Pertemuan Mencurigakan

1 0 0
                                    

Keesokan harinya, aku memulai hariku seperti biasa. Setelah menyelesaikan pekerjaanku di kantor pos, aku memutuskan untuk melanjutkan pencarianku tentang tuan Ranggala. Langkahku membawaku ke sebuah kios kecil di samping gang kantor pos, tempat seorang penjual minyak tanah yang tampaknya sudah berusia lanjut bekerja.

“Selamat pagi, Pak. Bolehkah saya bertanya sesuatu?” tanyaku dengan sopan sambil mengeluarkan foto tuan Ranggala dari tas kecilku. “Apakah bapak pernah melihat orang ini?”

Wajah penjual minyak tanah itu berubah pucat seketika saat melihat foto itu. Matanya membelalak dengan ketakutan yang jelas terlihat. Tanpa berkata sepatah kata pun, dia buru-buru menutup kiosnya dan berusaha menghindar dariku. Sikapnya yang mencurigakan membuat rasa penasaran dalam diriku semakin besar.

“Pak, tunggu sebentar! Apa bapak tahu sesuatu tentang orang ini?” seruku, mencoba menghentikannya.

Namun, dia tetap diam dan hanya mempercepat langkahnya, menghilang ke dalam gang sempit di belakang kios. Rasa penasaran dan sedikit frustrasi mulai menguasai pikiranku. Apa yang membuatnya begitu ketakutan? Apa yang dia tahu tentang tuan Ranggala yang membuatnya berusaha menghindariku?
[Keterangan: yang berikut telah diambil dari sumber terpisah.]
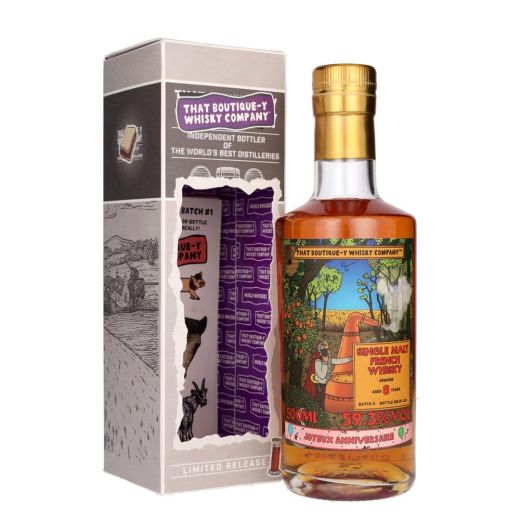 Armorik 8 Years Old Batch#3 - That Boutique-y Whisky Company (TBWC 10th Anniversary)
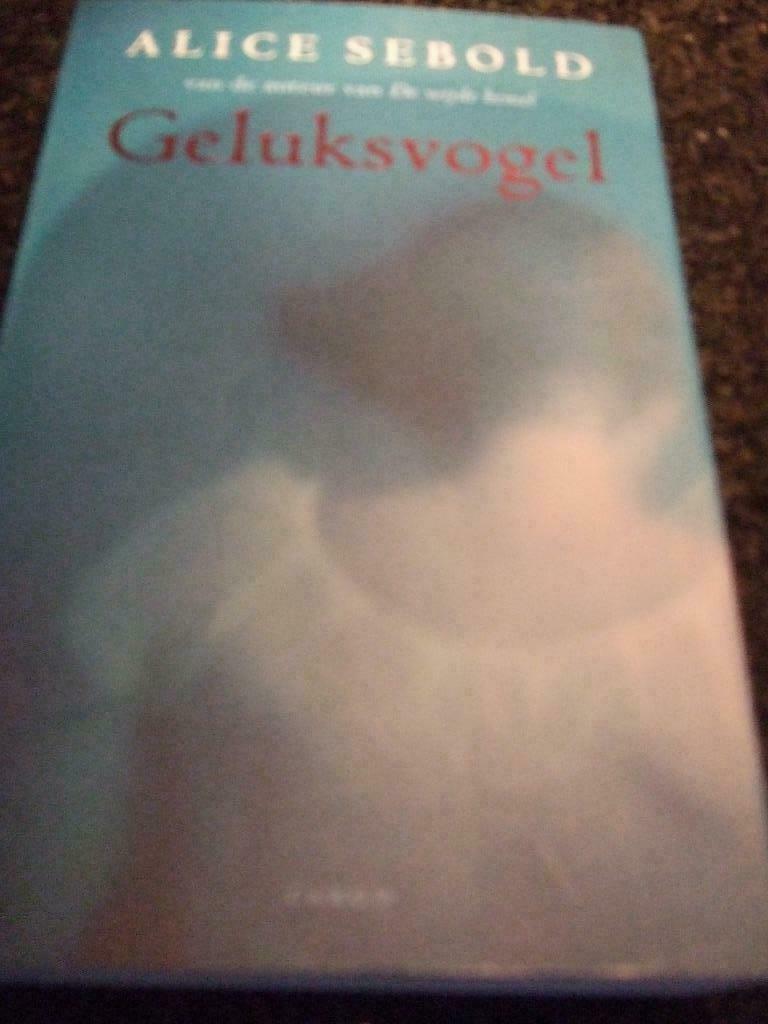 Alice SEBOLD ; "GELUKSVOGEL", Boeken, Ophalen of Verzenden, Zo goed als nieuw, Alice SEEBOLD
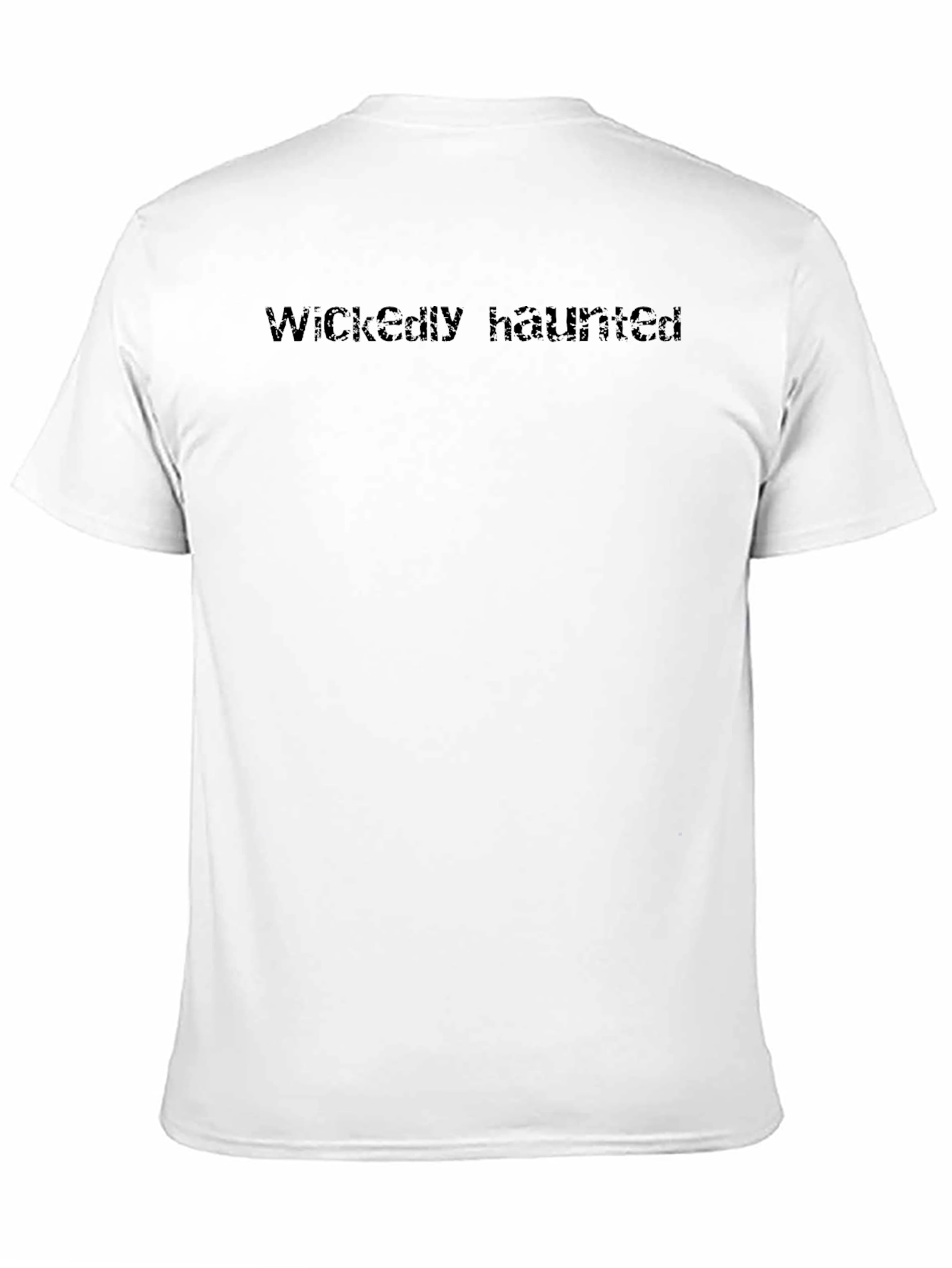 Wickedly Haunted Black T-Shirt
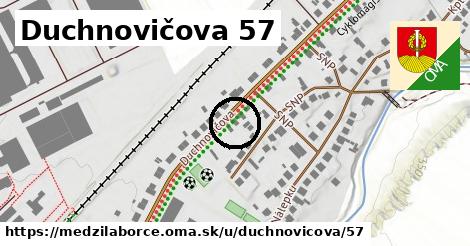 Duchnovičova 57, Medzilaborce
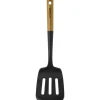 Stekespade i silikon 8,4x31 cm akasietree/svart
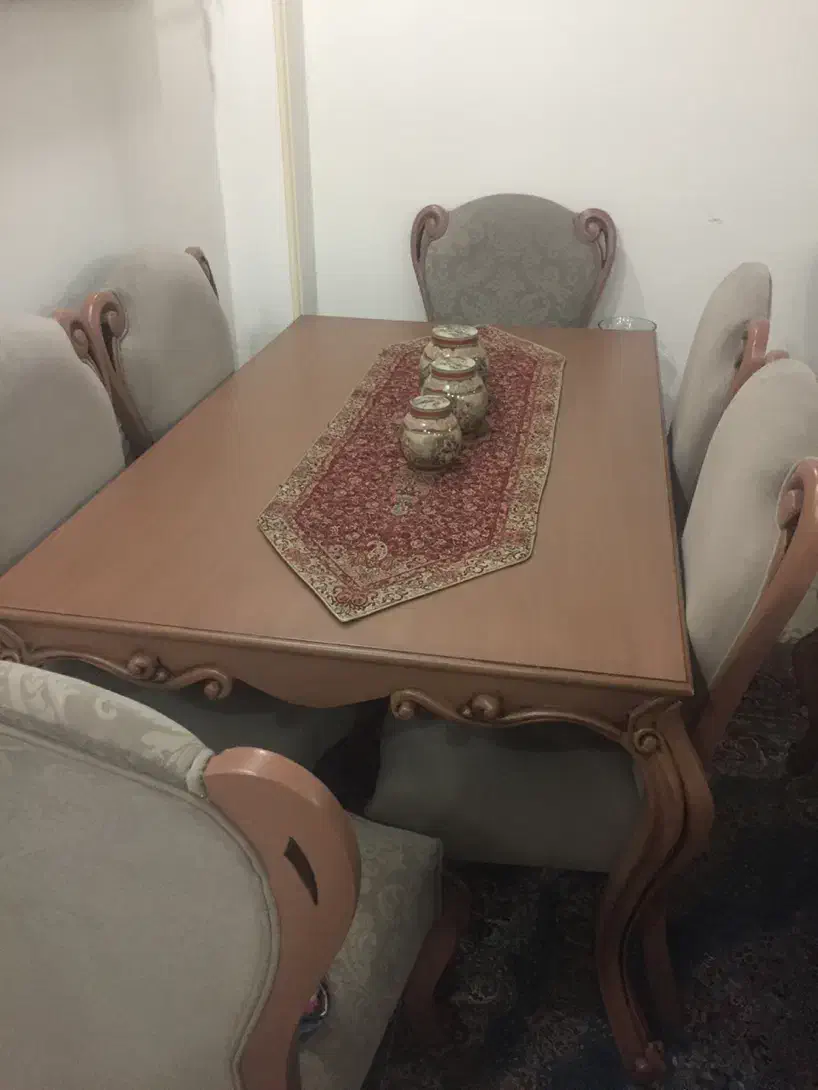 میز ناهار خوری|میز و صندلی غذاخوری|تهران, دهم فروردین|دیوار
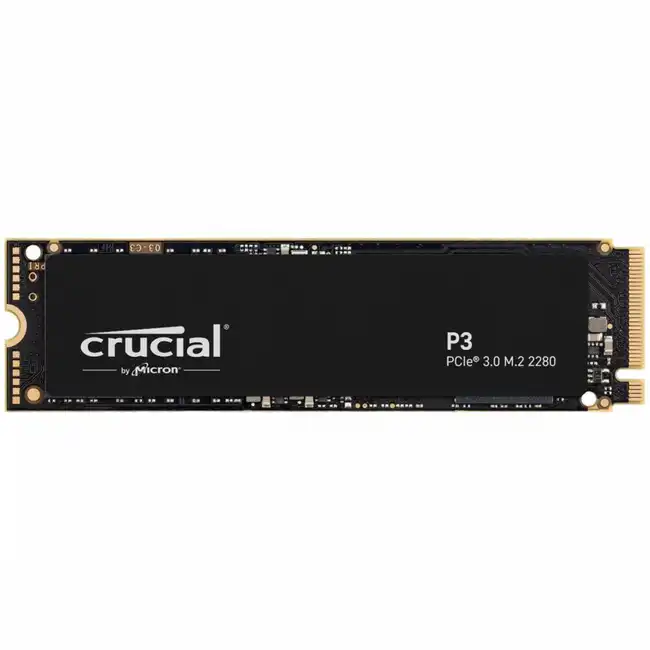 Внутренний жесткий диск Crucial P3 CT4000P3SSD8 (SSD (твердотельные), 4 ТБ, M.2, PCIe)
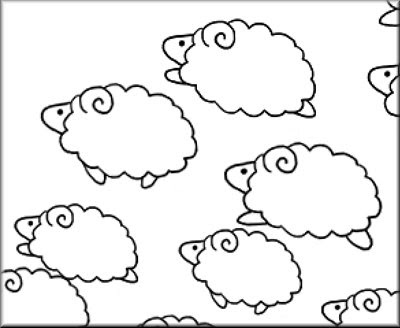 最新のhd羊 イラスト 簡単 最高のカラーリングのアイデア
Aku memutuskan untuk mengikuti penjual minyak tanah itu dari kejauhan. Dia tampak gelisah, sering kali menoleh ke belakang seolah memastikan tidak ada yang mengikutinya. Aku bersembunyi di balik dinding-dinding bangunan tua, berusaha tidak menarik perhatian.

Langkahnya akhirnya berhenti di sebuah rumah tua yang tampak sudah lama tak terawat. Dengan hati-hati, aku mendekati rumah itu dan bersembunyi di balik semak-semak di depannya. Dari balik semak-semak, aku melihatnya berbicara dengan seseorang di dalam rumah. Mereka berbisik-bisik, namun aku tidak bisa mendengar apa yang mereka bicarakan.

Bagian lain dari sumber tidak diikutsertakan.